Context
Trivy transmits authentication credentials when scanning container images directly from a registry. A flaw referenced as CVE-2024-35192 (GHSA-xcq4-m2r3-cmrj, CWE-522) allows an attacker-controlled registry to intercept those credentials.
Vulnerability
When Trivy scans container images directly from a registry, it transmits authentication credentials through a method susceptible to interception. An attacker can exploit this by:
- Setting up a crafted malicious container registry.
- Inducing the target to scan an image hosted there (e.g., via a pull request that references the malicious image).
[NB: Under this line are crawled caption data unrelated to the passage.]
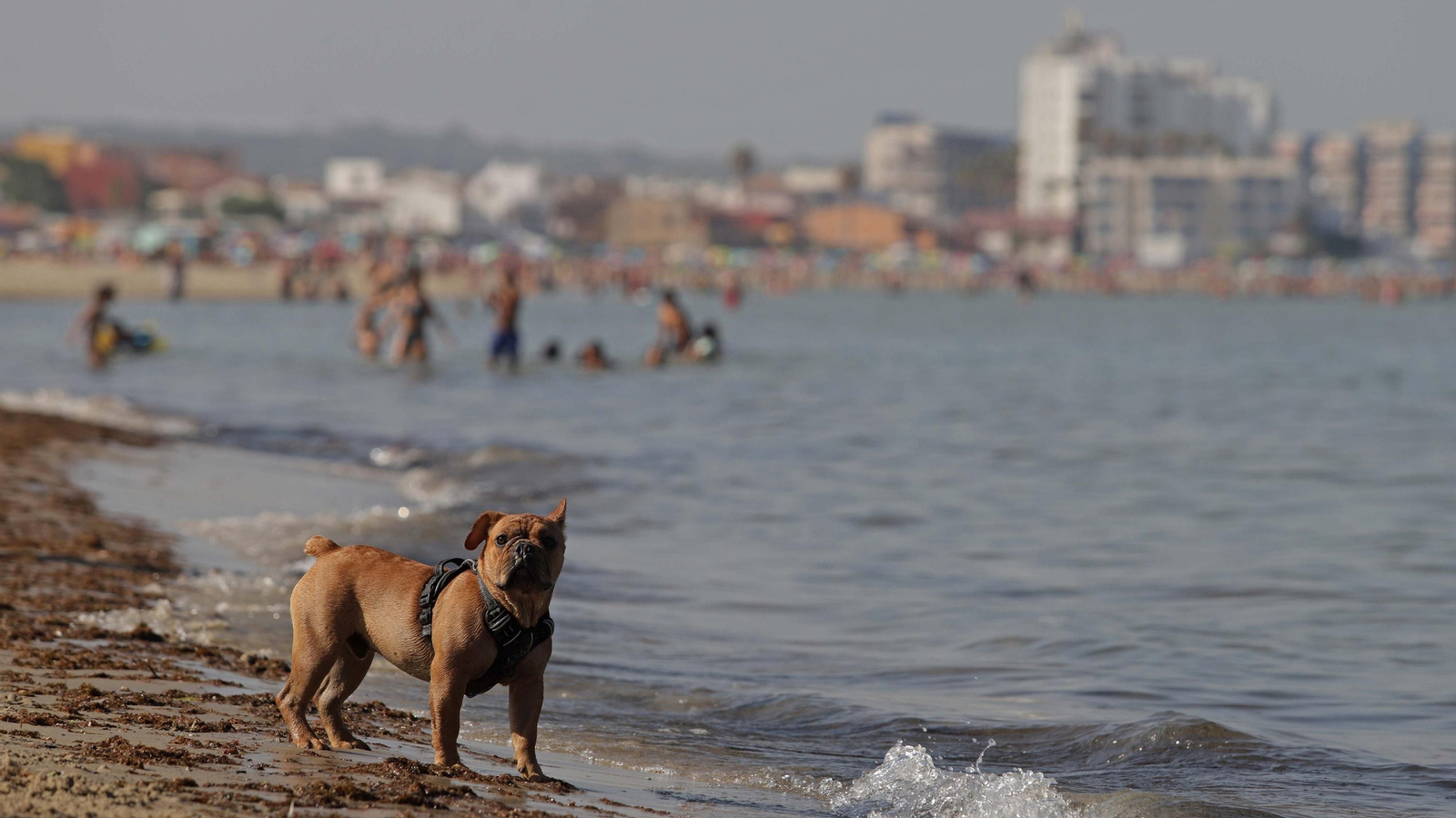 Fotos de la  la nueva zona de merendero y la playa canina en La Concha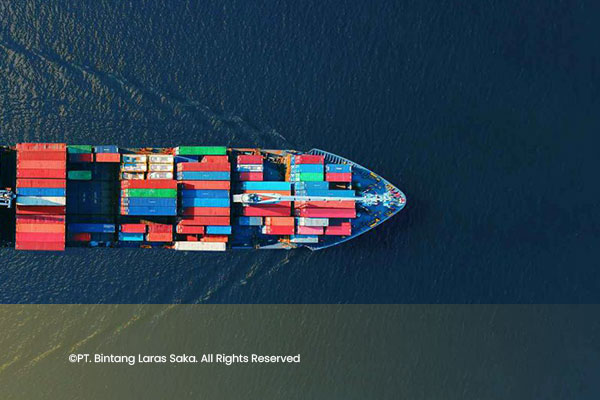 artikel1-bintanglarassaka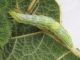 Diachrysia_sp_larva_22_giugno_Salvia_pratensis.jpg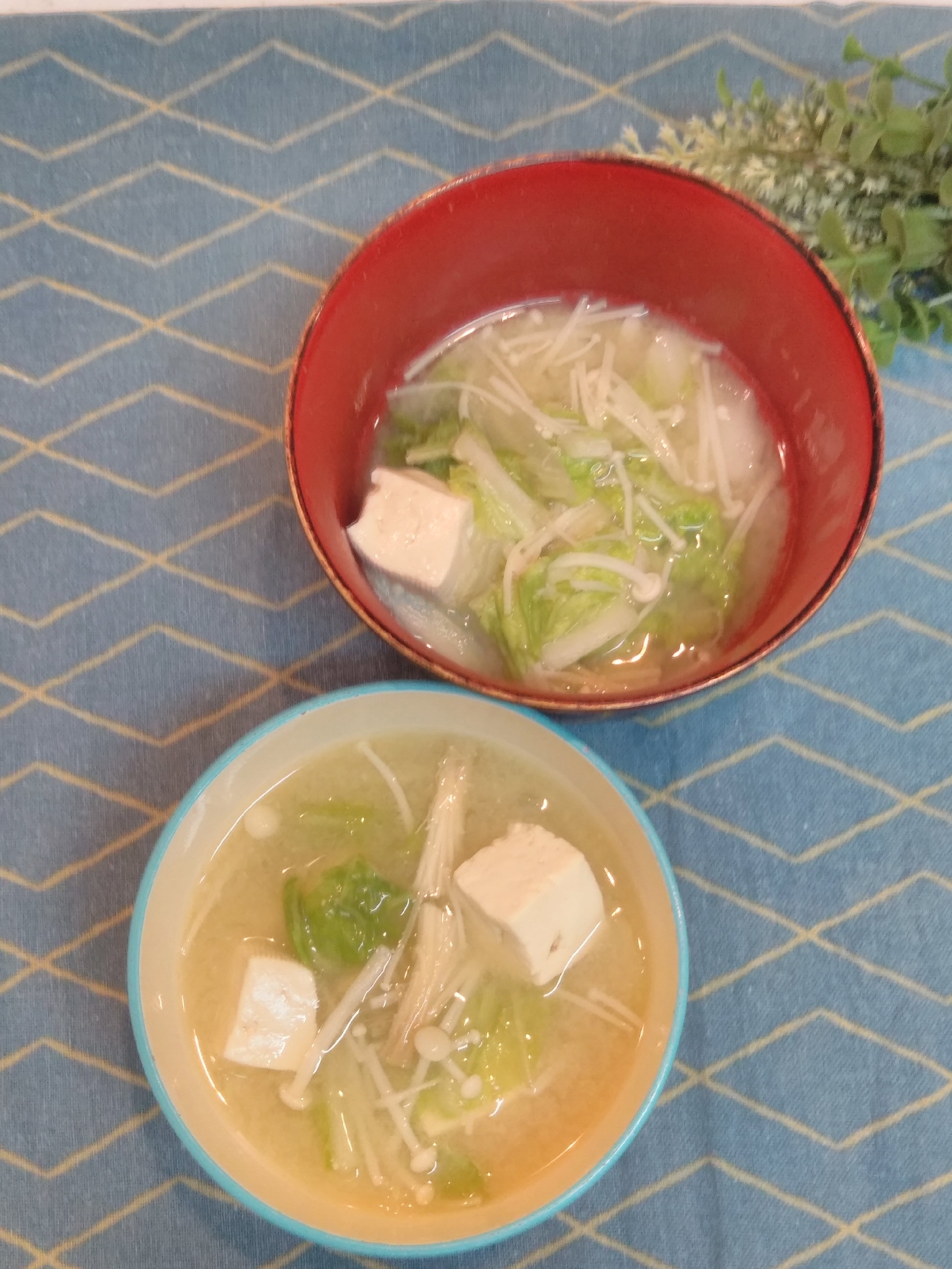 いりこだし香る☆白菜、豆腐、えのきの食べる味噌汁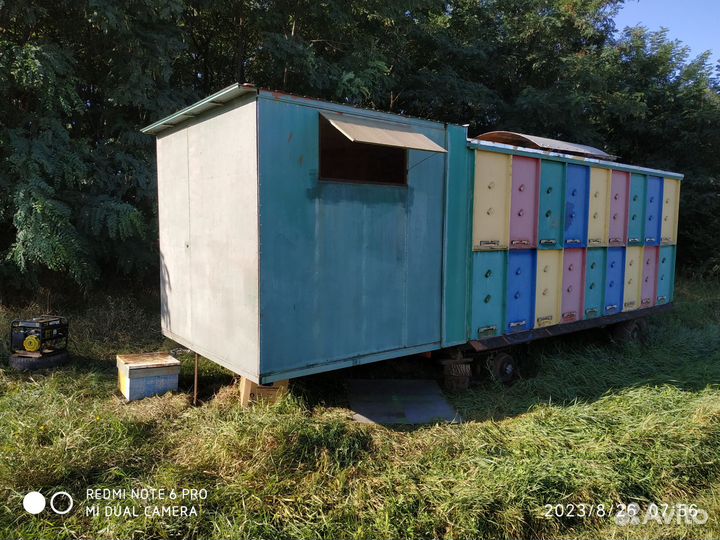 Пчелопавильон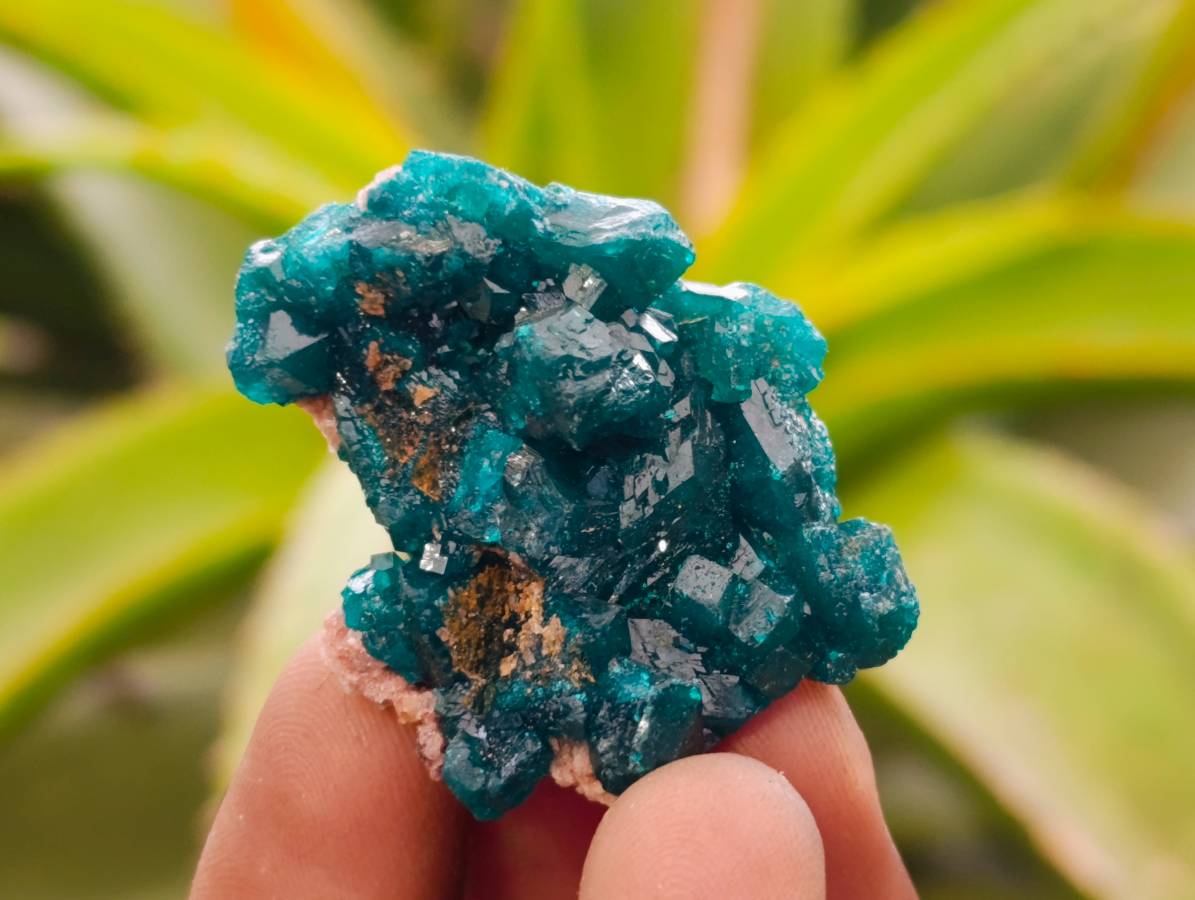 Natural Dioptase On Dolomite Specimens x 20 From Likasi, Congo - Toprock Gemstones and Minerals 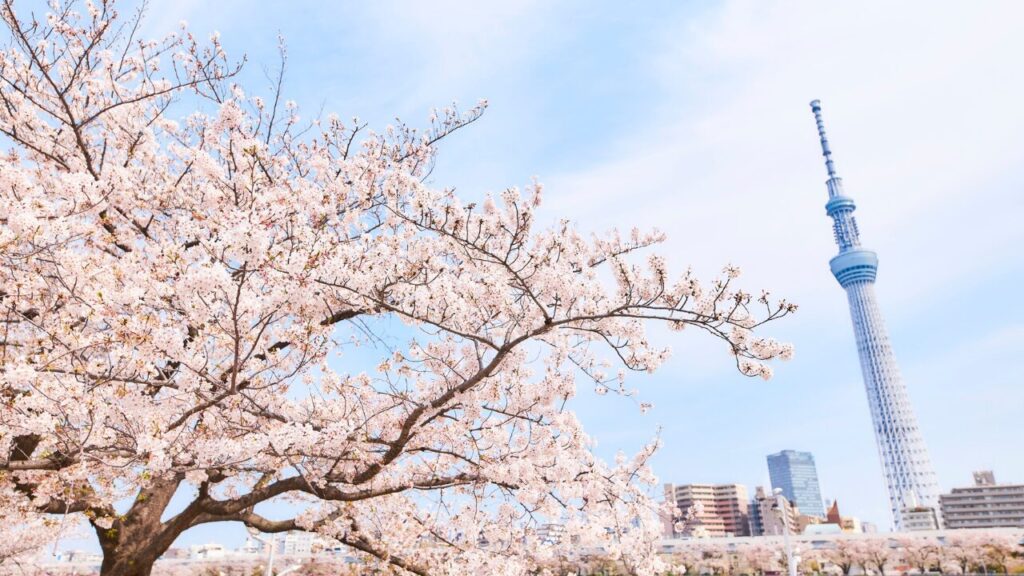 春の季語｜芽吹きと希望を感じる言葉たち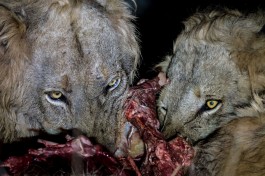 1d-maseke-lions-kill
If the target system has valid cloud credentials accessible via default credential provider chains, those credentials are leaked:
- AWS: environment variables, EKS/IRSA role assumptions
- GCP: Application Default Credentials
- Azure: managed identity credentials
Impact
- Compromised credentials could allow the attacker to push or pull images from the victim's legitimate registries (AWS ECR, GCP Artifact/Container Registry, Azure ACR).
- Only affects scanning images directly from registries — scanning locally-pulled images through Docker or containerd is not affected.
Remediation
- Upgrade to Trivy v0.51.2 or later, which fixes the credential handling.
- Restrict image scanning to trusted registries only.
- Use the
--image-srcflag to enforce scanning from trusted sources.